When the second plane hit the second tower, our innocence bled away. Up to that point, we managed to hold onto the belief that this might be a colossal mistake, that somehow this surreal event was unfolding somewhere else and it really wasn’t intentional, even though the television broadcasters were starting to jump to that conclusion. The garbled, bewildering announcements of another plane plowing into a Pennsylvanian cornfield and yet another crashing into the Pentagon still didn’t register, as though our childlike brains wanted to make some sense out of the madness and believe we could still wake up the next day and there’d be a logical explanation for it all.
Then the second plane hit. And we knew. Our country was under attack, and we didn’t know what the bad guys looked like, who they were. We were facing sniper fire, and we didn’t know which way to turn. All we knew was that something inconceivably evil was going on, and we were in the crosshairs.

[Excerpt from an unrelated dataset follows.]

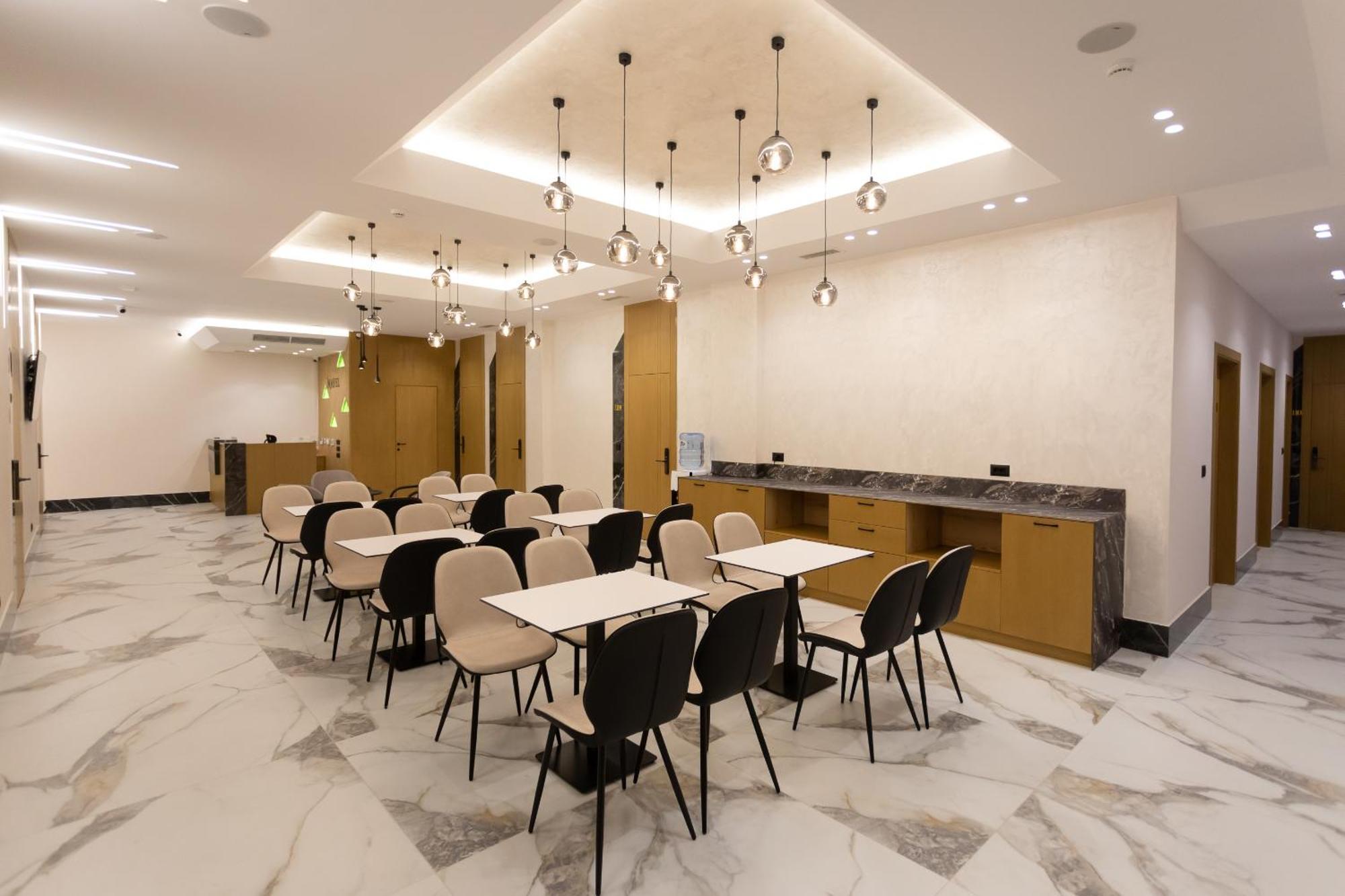 Nayel Hotel Дуррес Экстерьер фото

Ten years later we’re still licking wounds, still trying to make sense of it. And we can’t, because when someone sucker punches you and then goes scuttling away into oblivion like a yellow-bellied coward, it’s hard to know where to turn your anger. Or sorrow.
So yeah, we’ve changed. We’re trying to be smarter. We’re trying to plug up the holes. Take a plane ride if you think otherwise. Millions of people stand in long lines going through ridiculous but necessary calisthenics every day to preserve the hazy belief that flying is still a safe way to travel. Carry a backpack into a concert, or a large purse into a government building and you’d better be ready for a scan. That’s just the way we live now.
So, how did it affect my life? After a couple of shell-shocked days, I pulled out the vacation photos from my family’s visit to Manhattan a few years before 2001. We spent 10 glorious days in an apartment on the border of Central Park, visiting every venue we could cram into our schedule.
Grimly I studied the photos we took from the visitor’s platform atop of one of the Twin Towers. It overlooked the acres of gigantic buildings of that metropolis, so alien to this non-citified gal. “Concrete canyons” my kids called them. From the Staten Island Ferry, from Battery Park, from the Statue of Liberty’s crown we beheld the stunning skyline. I stared at the photos of the kids taken on the ferry. My goal that day was to get their smiles. But behind them is a perfect Manhattan skyline, complete with two tall towers now no longer there.
But if that’s where the memories end, we’ve missed the point. Because after the attack, I also remember hanging out my flag every day for weeks. I remember a fierce pride in my country stirring inside me, something I hadn’t felt in a while. I recall songs and plays and programs about this country and its great ability to recover. This country’s history is one long record of recoveries. It’s what we do. We’re survivors who know how to roll and get up again.
This 10th anniversary reminds me I need to repent. I’ve become too complacent, too easily annoyed by petty politics. That distraction carves into my loyalty to this country, but I shouldn’t let it. Instead, I should pay more attention. Volunteer more. Pray more for my country. And participate. Be proactive, not reactive. Be part of the solution, not the problem. We have plenty of those, for sure. But I think I stand with a vast majority when I declare that, despite all its challenges, I’d still rather live in this country than any other place on earth.
We got battered, but not beaten. The best response to that is to get back up, shake off the dust, and get on with a life well lived. It’s a freedom we must never give up.